This essay has been written for the exhibition "Eyes of the City" at Bi-City Biennale of Urbanism\Architecture (Shenzhen, China).
Abstract:
This essay reflects on evolution of technical objects in the context of contemporary urban development, where “smart cities” discourse stands for a moment of becoming autonomous of the technical objects. In the first chapter, the essay brings forward the notion of apparatus (or dispositif) as conceived by Foucault and later Agamben, departing from Hegelian notion of positive religion. The second chapter then continues to develop understanding of the productive power of apparatuses through focus on fetishism as a practice of social creativity. In the situation when cities become populated by autonomous machines, it is argued that social creativity rotates to its non-human position.

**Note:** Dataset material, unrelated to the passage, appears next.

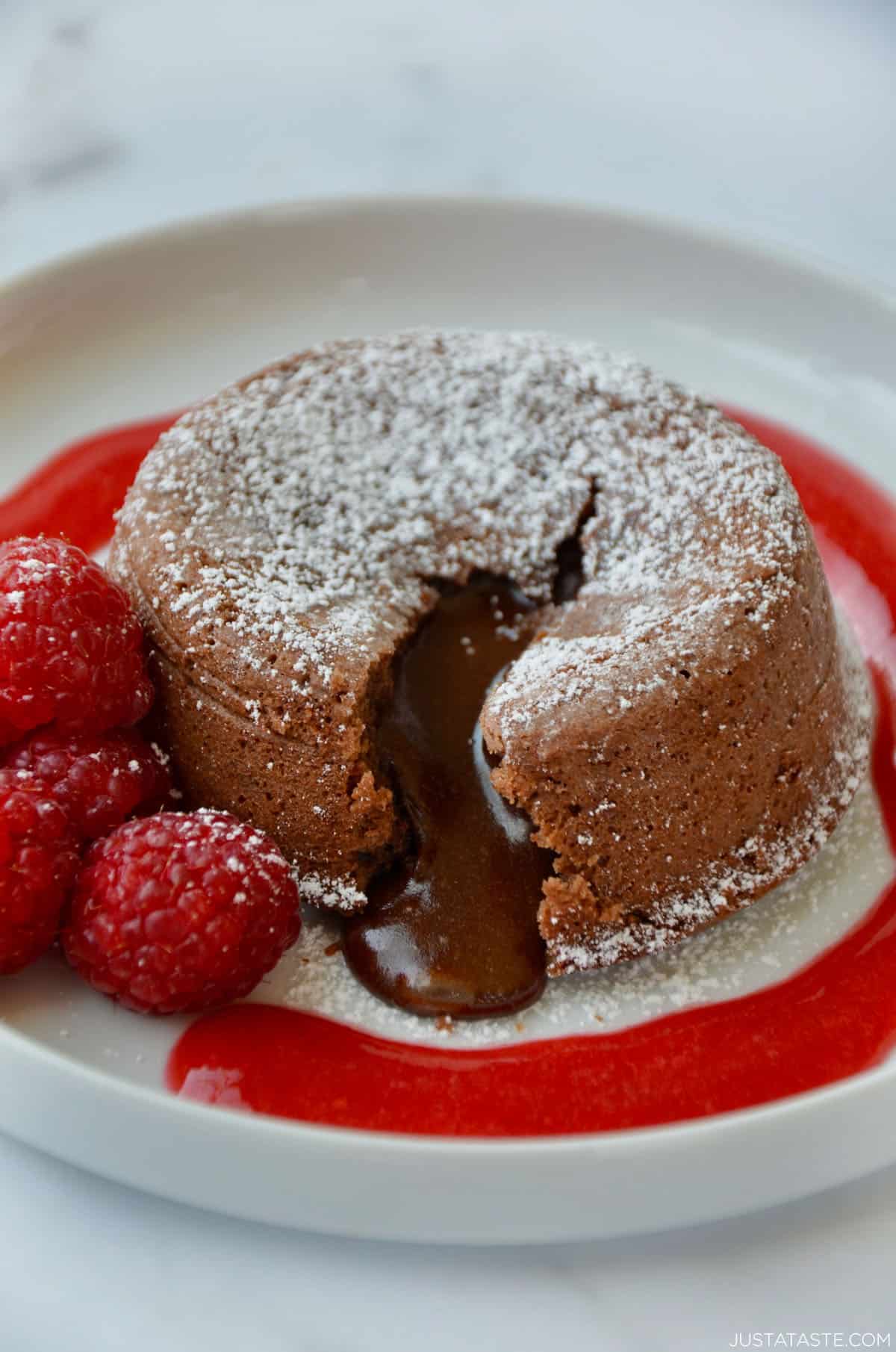 A chocolate lava cake with a molten chocolate center oozing out onto a dessert plate. The lava cake is topped with powdered sugar and garnished with fresh raspberries and a raspberry sauce.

Third chapter builds on this observation, presenting a notion of communal intelligence that is mediated through multitude of human and non-human elements. Smart cities of the 21st century mark in this picture the moment of redistribution of rational competences, when creative and intellectual activities formerly enacted by humans are delegated on technical objects and ensembles. After this claim, the essay closes with its final chapter, building a vision of the city-to-come as a metabolic multitude, echoing Paul Virilio. This vision allows us to view the city as an armature of productive, non-narcissistic fetishism, where autonomy of technical objects – formerly conceived as mirror reflections of human competences – develops alongside its independent evolutionary trajectory and invites us to the ethics of the urban design to come.